Nieludzkie, jak można było na to pozwolić. Kawiarnia nie wpuszcza małych dzieci
Dzieci rzucały w koty zabawkami, a rodzice rzucali przelotne spojrzenia znad ekranów telefonów. Dlatego.
Upadek człowieczeństwa
Po raz kolejny ludzie udowodnili, że ich odpowiedzialność za dziecko kończy się tam, gdzie sami postawią swoje trywialne granice. Dla mnie moment, w którym rodzicielski brak świadomości i zaangażowania prowadzi do krzywdy innych stworzeń, jest graniczny.

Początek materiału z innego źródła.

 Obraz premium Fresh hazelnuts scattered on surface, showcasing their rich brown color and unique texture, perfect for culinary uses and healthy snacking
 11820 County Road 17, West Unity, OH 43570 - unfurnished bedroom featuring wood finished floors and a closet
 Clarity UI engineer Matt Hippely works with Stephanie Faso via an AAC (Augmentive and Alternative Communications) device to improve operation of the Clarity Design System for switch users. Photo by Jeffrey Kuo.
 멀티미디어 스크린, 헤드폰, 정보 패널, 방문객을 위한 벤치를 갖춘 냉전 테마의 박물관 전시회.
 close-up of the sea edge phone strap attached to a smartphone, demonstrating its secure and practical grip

Jest nieakceptowalny. Dlatego nie jestem zaskoczona decyzją właścicieli kawiarni i żeby od razu uciszyć podnoszone argumenty, że "dziecko chyba jest ważniejsze od kota", odpowiem: nie.

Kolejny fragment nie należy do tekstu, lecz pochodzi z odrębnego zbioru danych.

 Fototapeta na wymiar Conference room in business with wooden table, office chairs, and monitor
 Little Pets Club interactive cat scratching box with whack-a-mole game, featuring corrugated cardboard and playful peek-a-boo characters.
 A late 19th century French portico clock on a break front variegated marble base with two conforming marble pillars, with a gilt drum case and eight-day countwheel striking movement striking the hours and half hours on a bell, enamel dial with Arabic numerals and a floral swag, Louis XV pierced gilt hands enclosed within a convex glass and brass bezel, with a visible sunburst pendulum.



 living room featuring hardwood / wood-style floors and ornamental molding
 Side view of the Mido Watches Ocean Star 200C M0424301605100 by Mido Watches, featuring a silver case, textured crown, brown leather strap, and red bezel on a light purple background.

Nie bawmy się w porównywanie wagi życia lub komfortu żywych istot. To zabawa w Boga. Odpuśćmy.
W tej sprawie chodzi o odpowiedzialność za drugie istnienie. Chodzi o wrażliwość, empatię, przestrzeganie zasad tak, by wszystkim żyło się dobrze. W tej sprawie w końcu chodzi nie o dzieci ani nawet o koty. W tej sprawie chodzi głównie o rodziców. I to im należy się upomnienie, to im należy się sprowadzenie na ziemię: "Podnieś głowę znad telefonu. Sprowadziłeś na świat człowieka, którego teraz musisz poprowadzić i nauczyć, jak postępować".
Dziecko pozostanie dzieckiem. Nie jest okrutne, dlatego że chce podnieść kotka, pogłaskać, może nawet rzucić pluszakiem, żeby go obudzić. Dziecko pozostaje dzieckiem. Jego zamiary raczej nie są świadomie ukierunkowane na wyrządzenie krzywdy, to raczej rodzaj spontanicznego: chcę efektu natychmiast. Nie umiem czekać, nie chcę być cicho, chcę się bawić!

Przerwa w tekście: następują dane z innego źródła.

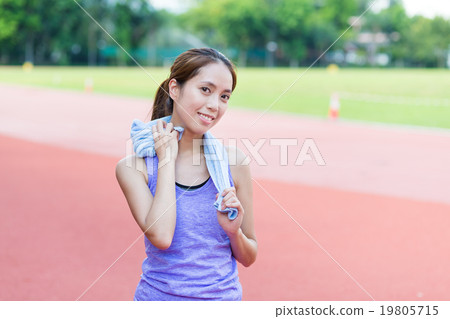 Woman using towel after doing exercise Woman using towel after doing exercise 19805715
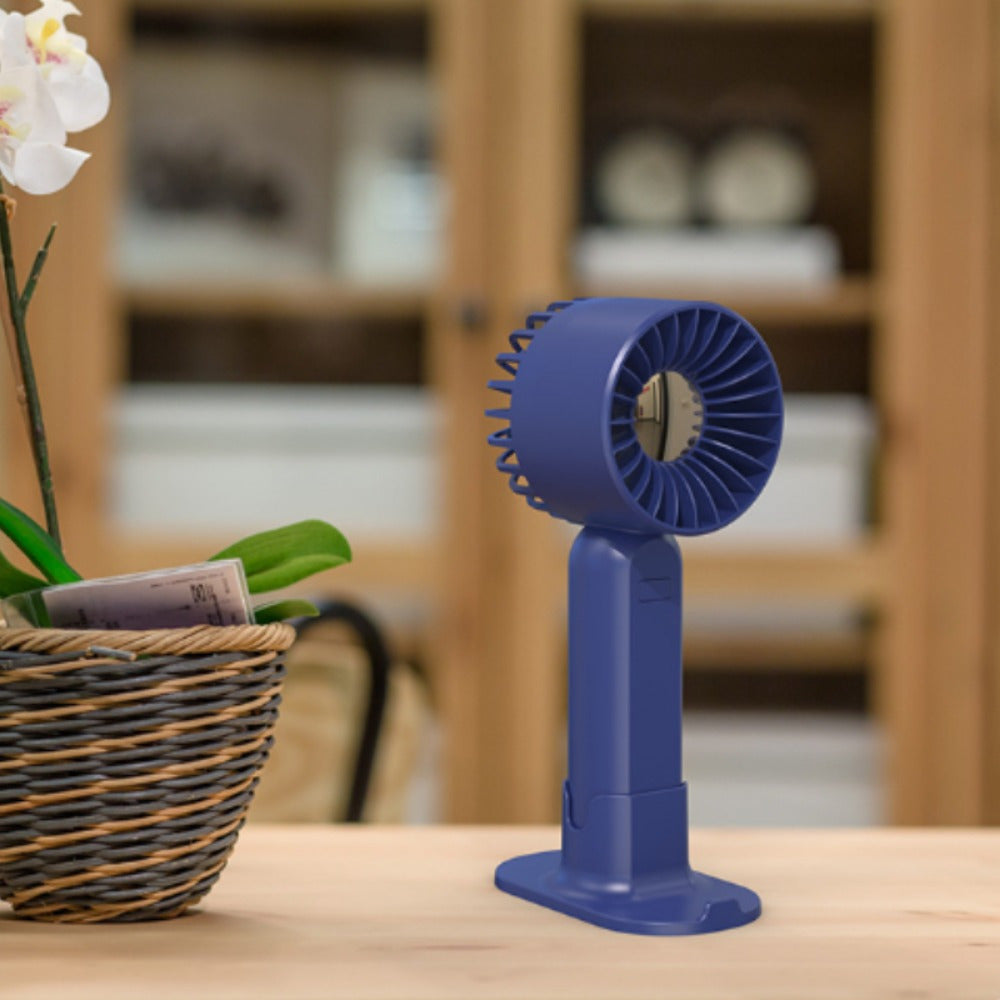 Mini fan with multiple functions - serves as a base and mobile phone holder, features three adjustable wind speeds and can be charged via USB. Perfect for use in the office, outdoors, or while traveling. Handheld and portable design.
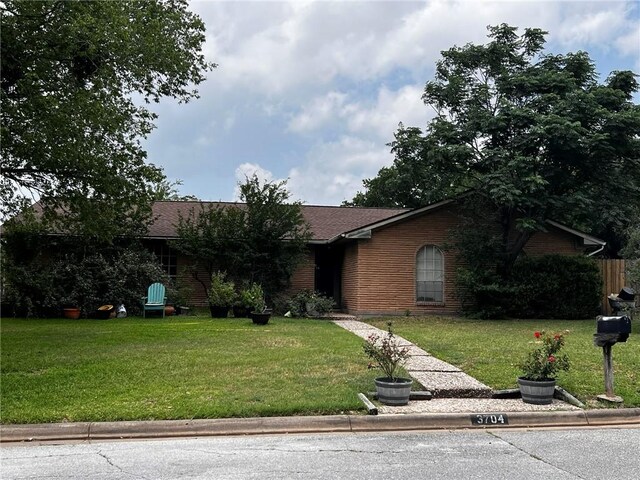 3704 Holly Dr, Bryan, TX 77802 - view of front facade featuring a front yard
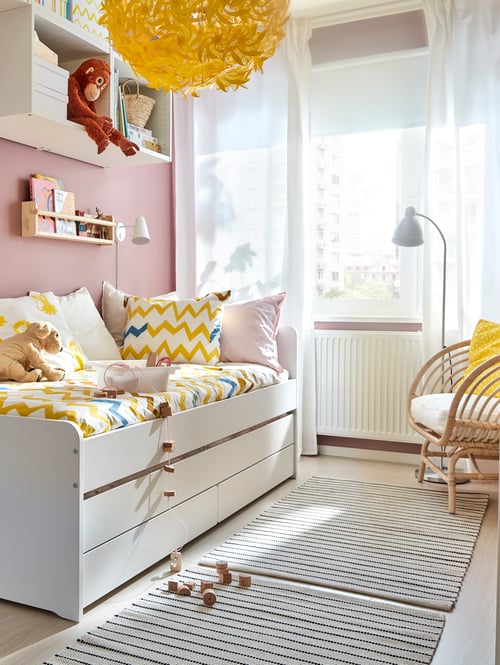Bedroom with bed frame with underbed, armchair, quilt cover, pillowcase, floor lamp, rug, wall storage, LED wall lamp, toys.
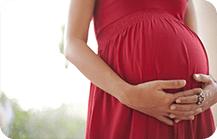 Pregnant woman wearing maternity dress made of elastic and stretchable fabric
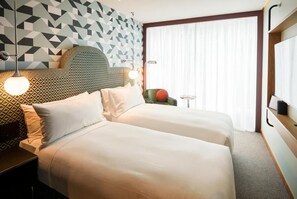 Une chambre d’hôtel avec deux lits, une tête de lit à motifs géométriques, une petite table avec une lampe et une vue sur l’extérieur à travers des rideaux transparents.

Zapewniam państwa, że gdyby ktoś rozmawiał z tymi "skandalicznie" zachowującymi się dziećmi, gdyby ktoś się nimi odpowiednio zajął, nie byłoby incydentów rzucania zabawkami w zwierzę.
To my, dorośli, jesteśmy odpowiedzialni za dzieci, to my, dorośli, jako rodzice stanowimy dla nich pierwszy model do naśladowania.
Bardzo łatwo jest to schrzanić, jak widać.